*** WORKING DATA Section Begins ***
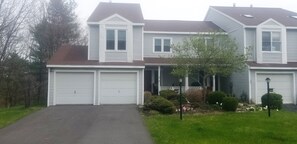 A two-story house with a front garage, a covered porch, and a well-maintained lawn. - Entire House 2 miles from Buttermilk Falls! Sleeps up to 11 and pet friendly! (Ithaca)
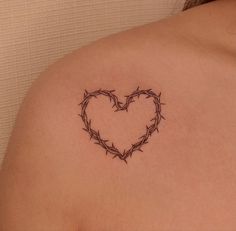 a heart shaped tattoo on the back of a woman's shoulder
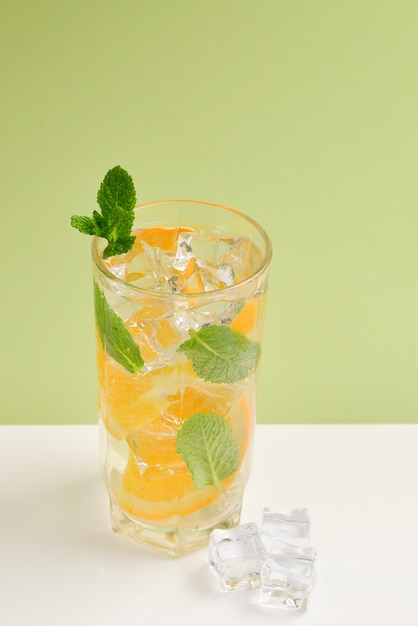 Cocktail met citroen en munt op een groene achtergrond. Ruimte kopiëren.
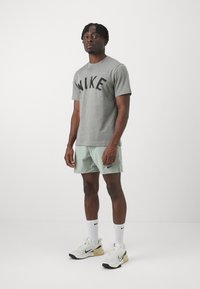 Pelēks īsām piedurknēm T-krekls ar tumšiem burtiem "NIKE", kombinēts ar gaiši zaļām šortiem un baltām sporta apavām ar melniem akcentiem.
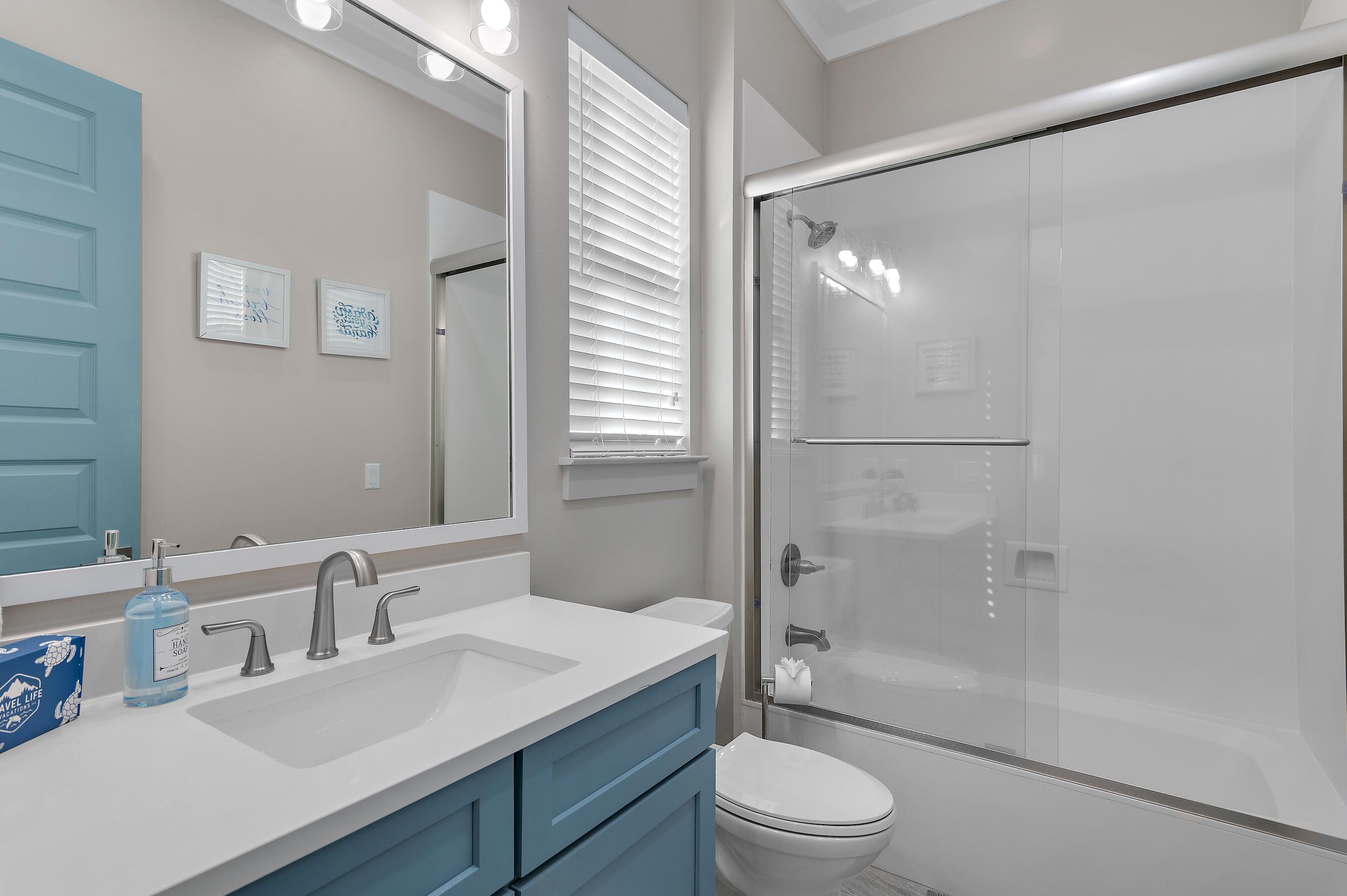 57 Penelope Street Miramar Beach, FL 32550 - Photo 38 of 62 a bathroom with a sink a toilet and shower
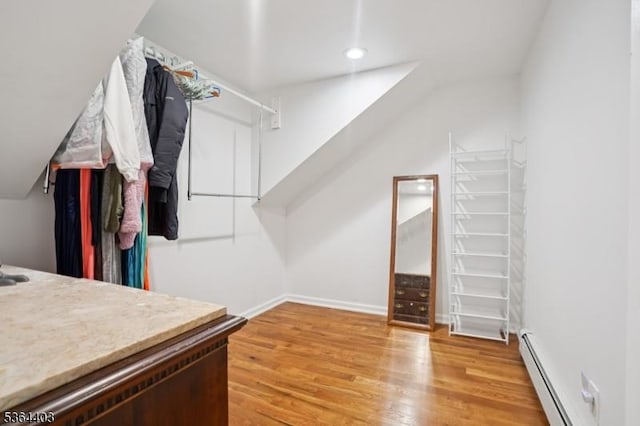 18 Forest Trl, Bernards Twp, NJ 07920 - walk in closet with a baseboard radiator, light wood finished floors, and vaulted ceiling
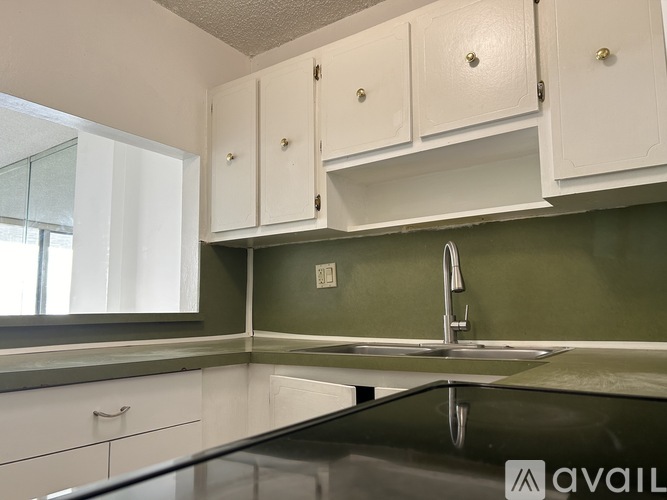 A kitchen with white cabinets and a glass countertop.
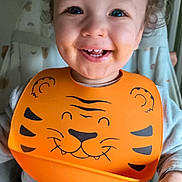 Ezio a rejoint le concours — aidez-le/la à gagner de superbes lots ! toddler, child, smile, blue_eyes, bib, orange_bib, tiger_design, messy_face, high_chair, indoor, happy, cute, baby, clothing, curly_hair, face, person, portrait, feeding_time, cozy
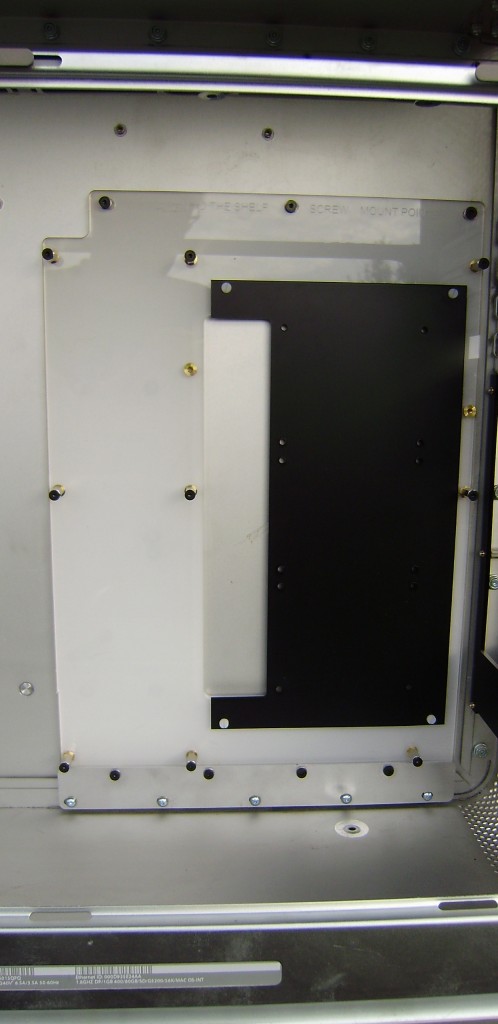 Tray mounted in a G5 and ready to accept up to 3 SSD drives under the motherboard. 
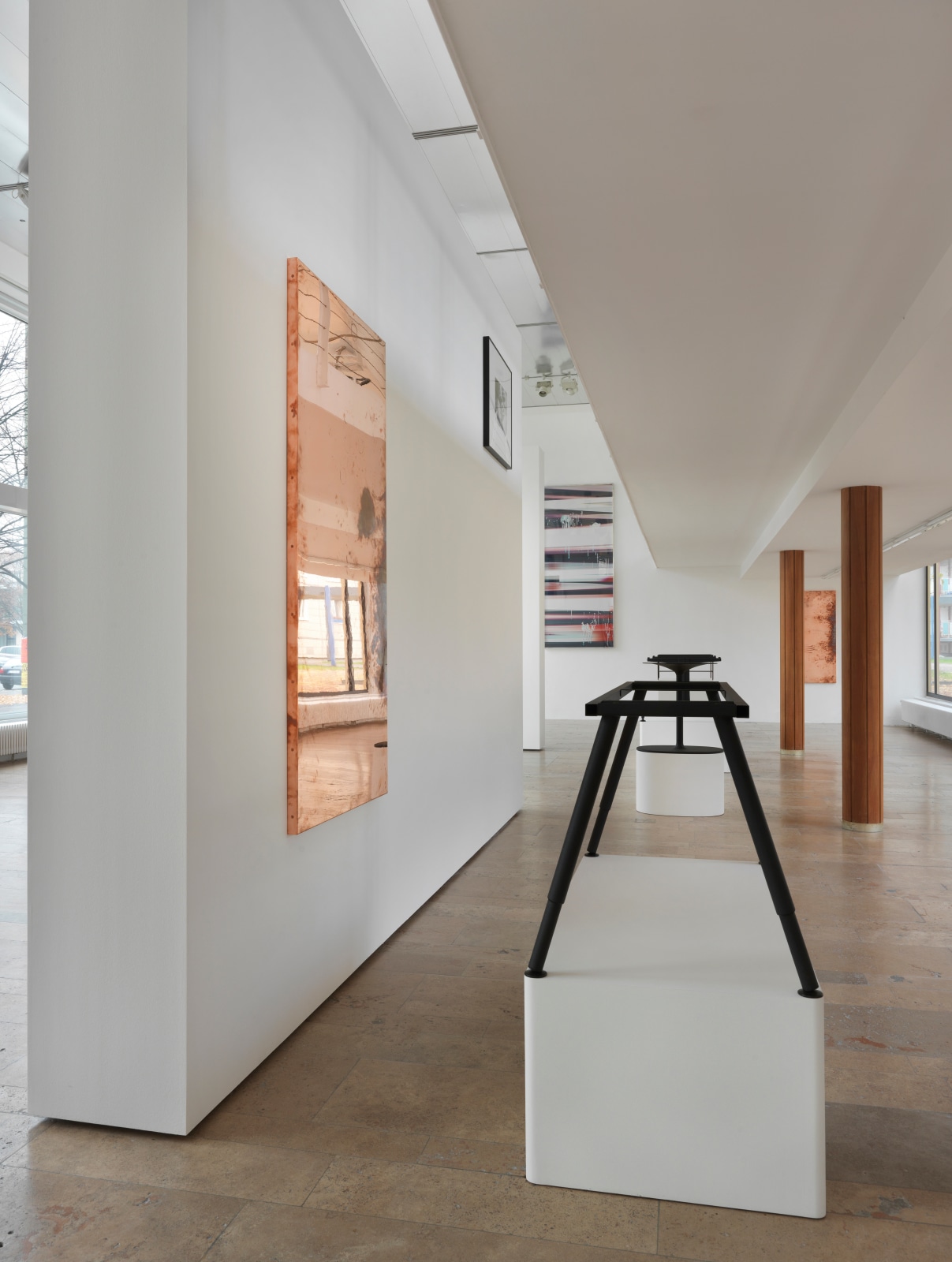 Installation view from Beshty's show at Capitain Petzel with a copper desktop surrogate on the left wall, a desk skeleton on a pedestal in front of the surrogate, and multicolored curl hanging on the back wall.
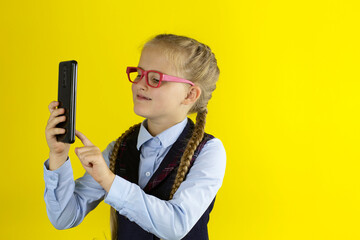 A schoolgirl with glasses communicates via video link on her smartphone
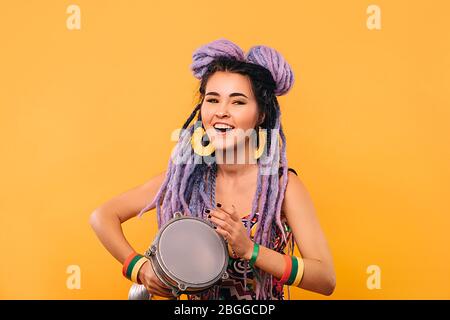 Donna Rastafariana che gioca su drum etico mini. Donna ritratto con lucchetti viola su sfondo giallo Foto Stock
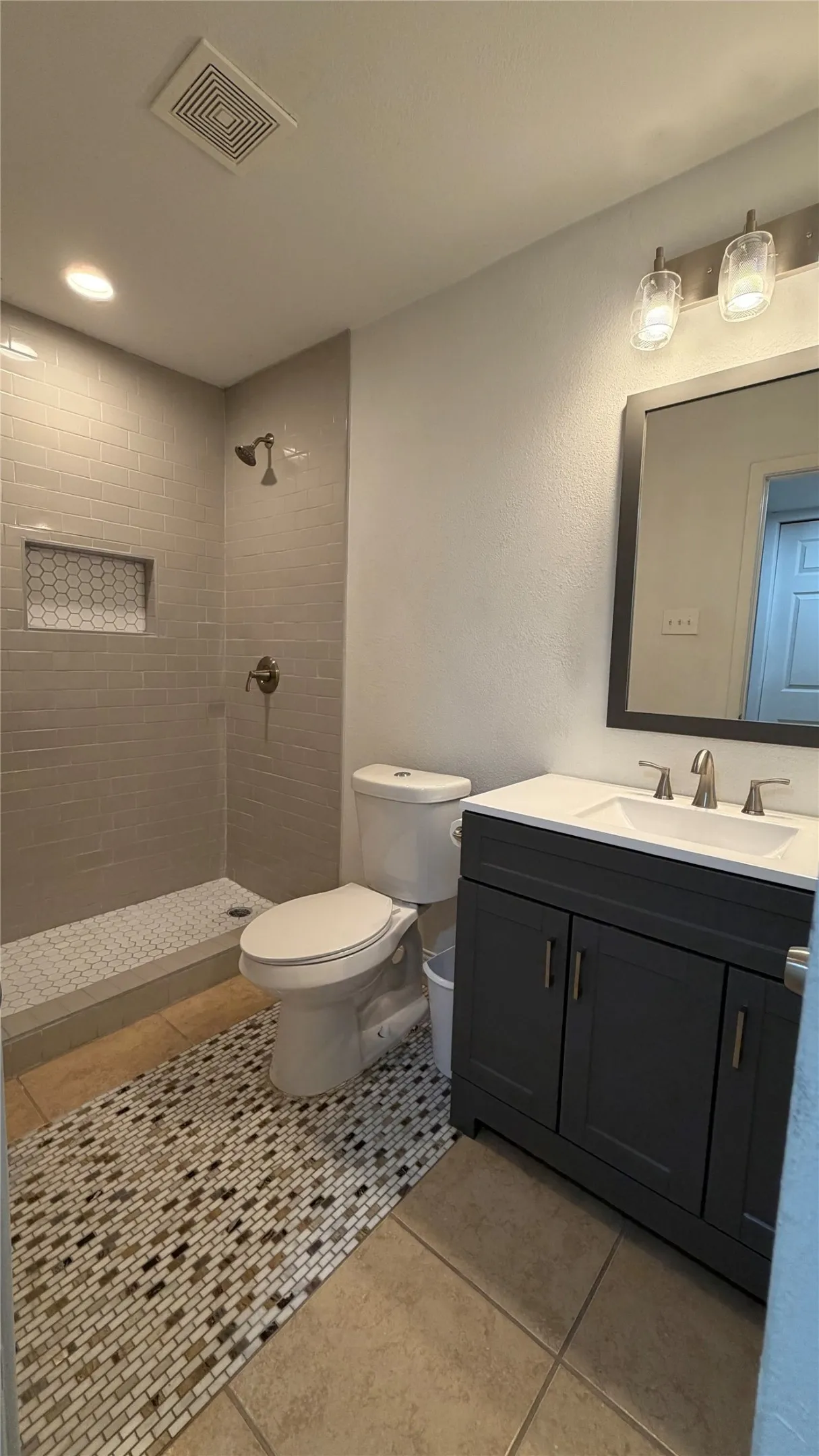 Walk-in shower with gray subway tile, mosaic shower pan, and recessed niche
*** WORKING DATA Section Ends ***
* [WORK INSTRUCTIONS]: What is needed is an exact copy of the data, with the pictures removed.

* [RESPONSE TO THE EXERCISE]:
 A two-story house with a front garage, a covered porch, and a well-maintained lawn. - Entire House 2 miles from Buttermilk Falls! Sleeps up to 11 and pet friendly! (Ithaca)
 a heart shaped tattoo on the back of a woman's shoulder
 Cocktail met citroen en munt op een groene achtergrond. Ruimte kopiëren.
 Pelēks īsām piedurknēm T-krekls ar tumšiem burtiem "NIKE", kombinēts ar gaiši zaļām šortiem un baltām sporta apavām ar melniem akcentiem.
 57 Penelope Street Miramar Beach, FL 32550 - Photo 38 of 62 a bathroom with a sink a toilet and shower
 18 Forest Trl, Bernards Twp, NJ 07920 - walk in closet with a baseboard radiator, light wood finished floors, and vaulted ceiling
 A kitchen with white cabinets and a glass countertop.
 Ezio a rejoint le concours — aidez-le/la à gagner de superbes lots ! toddler, child, smile, blue_eyes, bib, orange_bib, tiger_design, messy_face, high_chair, indoor, happy, cute, baby, clothing, curly_hair, face, person, portrait, feeding_time, cozy
 Tray mounted in a G5 and ready to accept up to 3 SSD drives under the motherboard. 
 Installation view from Beshty's show at Capitain Petzel with a copper desktop surrogate on the left wall, a desk skeleton on a pedestal in front of the surrogate, and multicolored curl hanging on the back wall.
 A schoolgirl with glasses communicates via video link on her smartphone
 Donna Rastafariana che gioca su drum etico mini. Donna ritratto con lucchetti viola su sfondo giallo Foto Stock
 Walk-in shower with gray subway tile, mosaic shower pan, and recessed niche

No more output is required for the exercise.